Return each line below exactly as it reads, and omit any image in it.
━━━━━ PROVIDED DATA
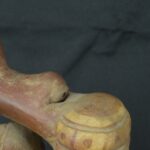 Pre Columbian Moche Ceramic Fish Vessel Ritual Artifact Peru - Imagen 18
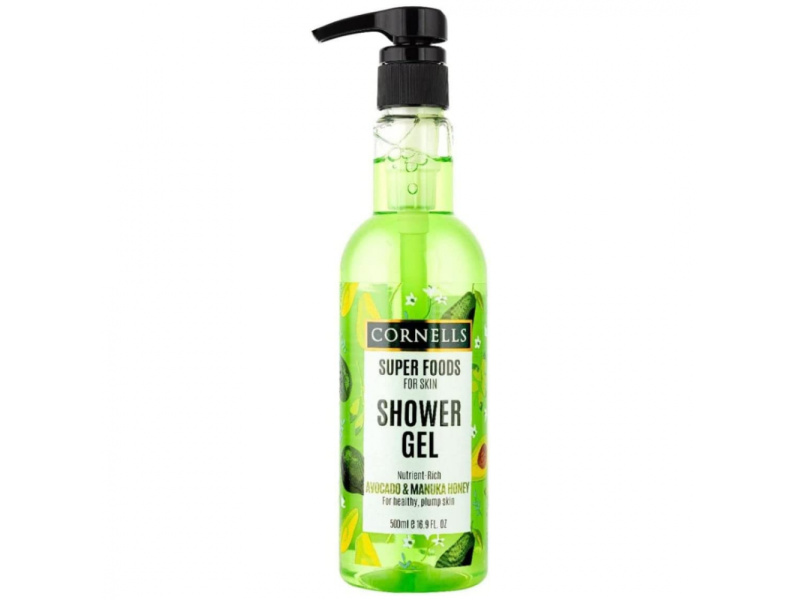 CORNELLS SUPER FOODS SHOWER GEL AVOCADO & MANUKA HONEY  500ML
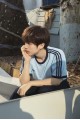 Adidas Originals 細肩背心(附胸墊) / 短袖T上衣(男女款) 寶寶藍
━━━━━━━━━━
**WORKED SOLUTION:**
 Pre Columbian Moche Ceramic Fish Vessel Ritual Artifact Peru - Imagen 18
 CORNELLS SUPER FOODS SHOWER GEL AVOCADO & MANUKA HONEY  500ML
 Adidas Originals 細肩背心(附胸墊) / 短袖T上衣(男女款) 寶寶藍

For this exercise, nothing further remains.